*SUPPLIED MATERIAL*:
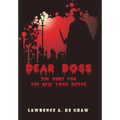 Dear Boss: The Hunt for the New York Ripper - Hardcover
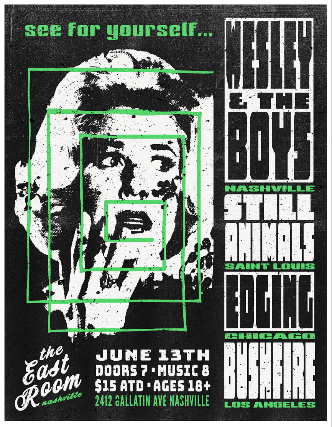 Wesley and the Boys / Still Animals / Edging / Bushfire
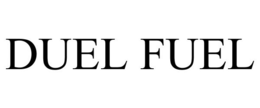 DUEL FUEL trademark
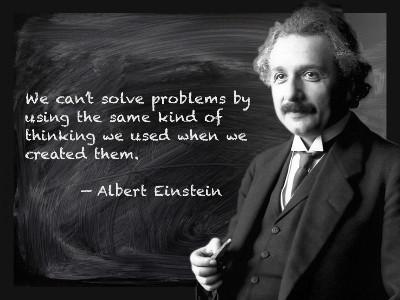 We can’t solve problems by using the same kind of thinking we used when we created them. — Albert Einstein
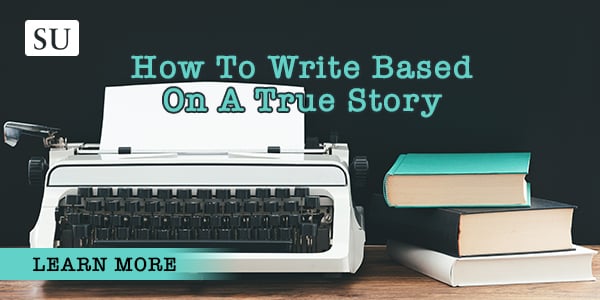 How To Write Based On A True Story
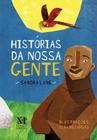 Livro - Histórias da nossa gente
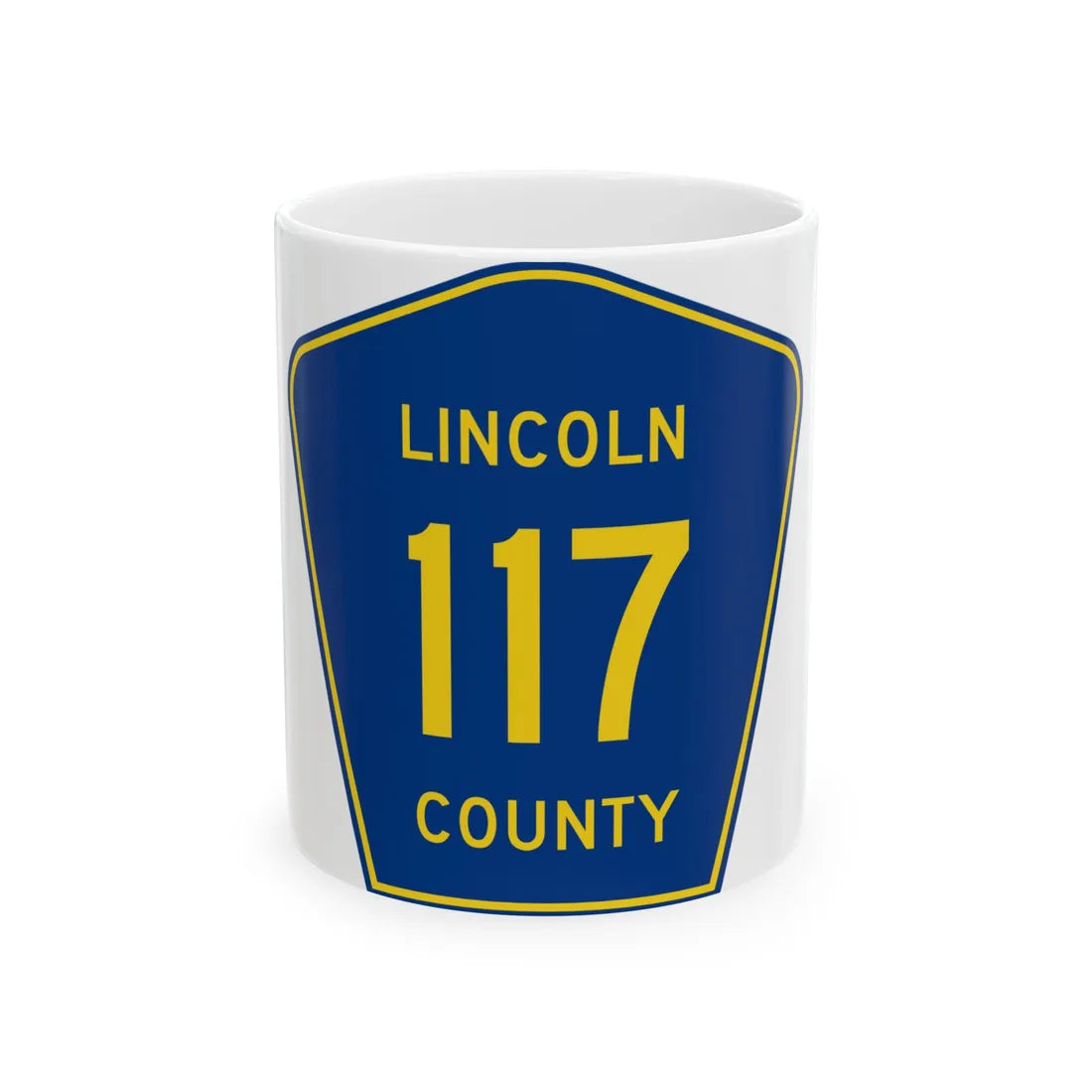 Lincoln County 117 (South Dakota) (Road Sign) White Coffee Mug 11oz - Go Mug Yourself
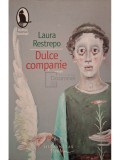 Laura Restrepo - Dulce companie (Editia: 2008)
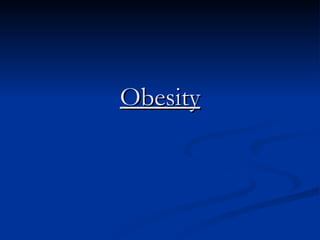 Obesity 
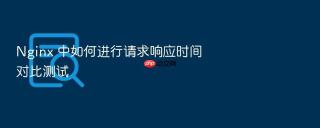 Nginx 中如何进行请求响应时间对比测试
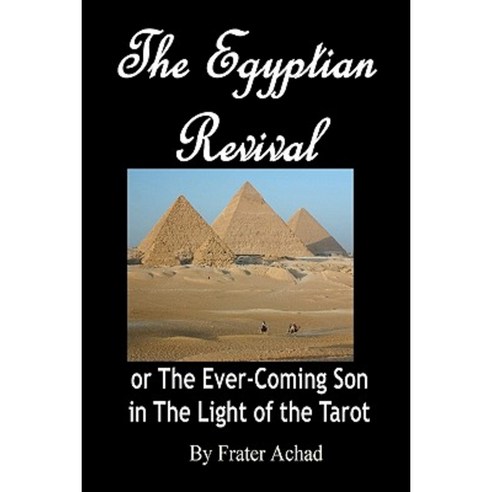 The Egyptian Revival: The Ever-Coming Son in the Light of the Tarot Paperback, Createspace Independent Publishing Platform
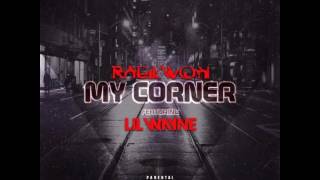 Raekwon ft. Lil Wayne - My Corner (New 2017)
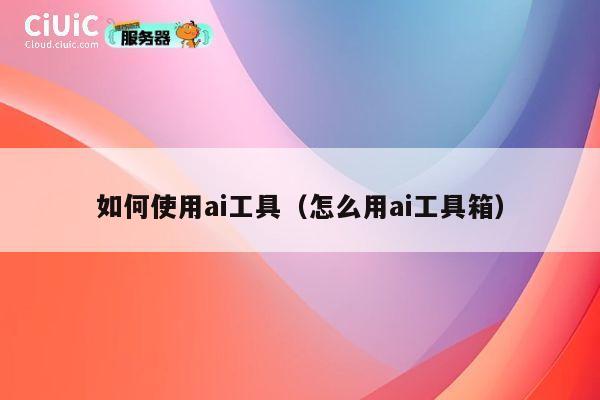 如何使用ai工具（怎么用ai工具箱） 第1张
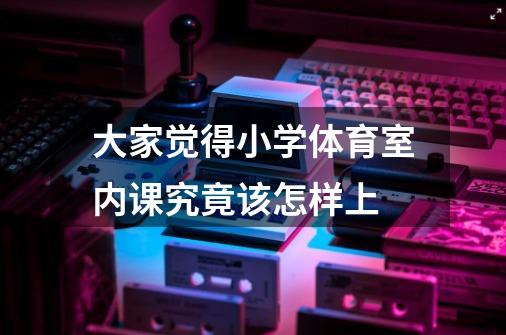 大家觉得小学体育室内课究竟该怎样上-第1张-游戏信息-龙启网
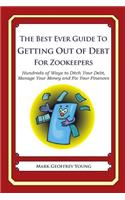 The Best Ever Guide to Getting Out of Debt for Zookeepers: Hundreds of Ways to Ditch Your Debt, Manage Your Money and Fix Your Finances(English)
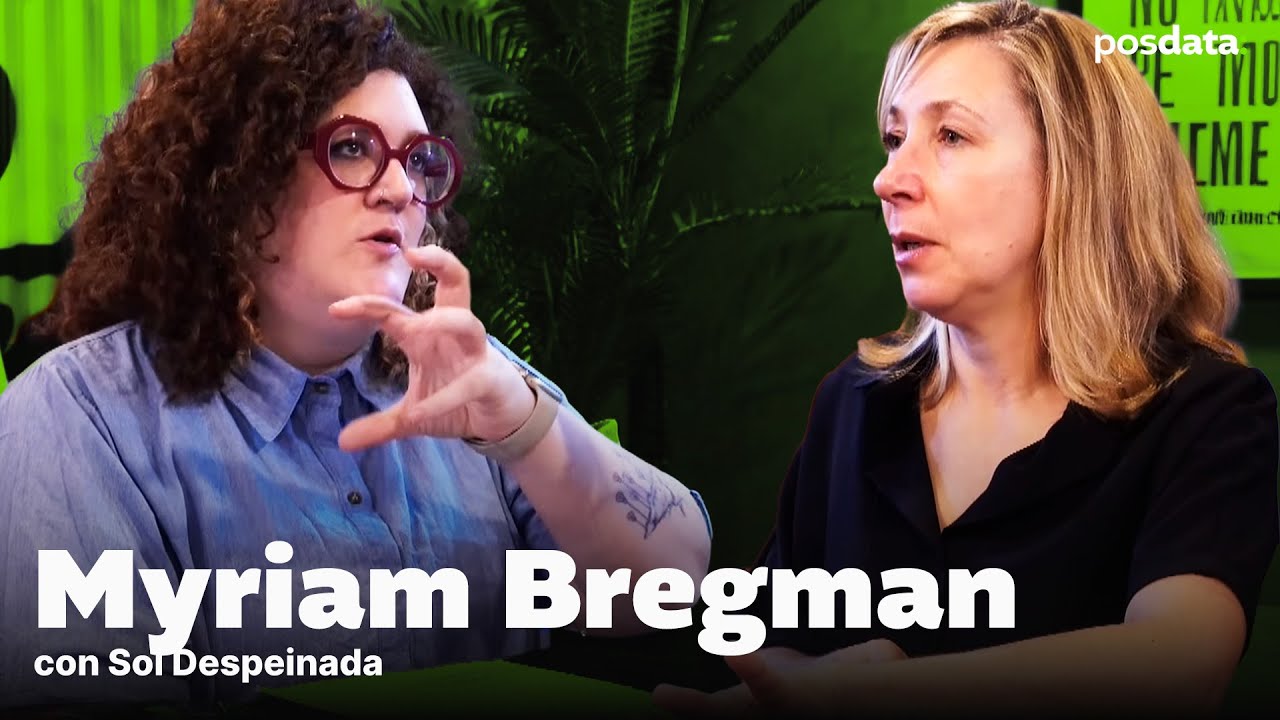 FEMINISMO, JUVENTUD y la IZQUIERDA con MYRIAM BREGMAN | LA TRIUNVIRATA #22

*EXERCISE AIM*: Every last line above must be reproduced as written, and no pictures belong in the copy.

*RESULT BELOW*:
 Dear Boss: The Hunt for the New York Ripper - Hardcover
 Wesley and the Boys / Still Animals / Edging / Bushfire
 DUEL FUEL trademark
 We can’t solve problems by using the same kind of thinking we used when we created them. — Albert Einstein
 How To Write Based On A True Story
 Livro - Histórias da nossa gente
 Lincoln County 117 (South Dakota) (Road Sign) White Coffee Mug 11oz - Go Mug Yourself
 Laura Restrepo - Dulce companie (Editia: 2008)
 Obesity 
 Nginx 中如何进行请求响应时间对比测试
 The Egyptian Revival: The Ever-Coming Son in the Light of the Tarot Paperback, Createspace Independent Publishing Platform
 Raekwon ft. Lil Wayne - My Corner (New 2017)
 如何使用ai工具（怎么用ai工具箱） 第1张
 大家觉得小学体育室内课究竟该怎样上-第1张-游戏信息-龙启网
 The Best Ever Guide to Getting Out of Debt for Zookeepers: Hundreds of Ways to Ditch Your Debt, Manage Your Money and Fix Your Finances(English)
 FEMINISMO, JUVENTUD y la IZQUIERDA con MYRIAM BREGMAN | LA TRIUNVIRATA #22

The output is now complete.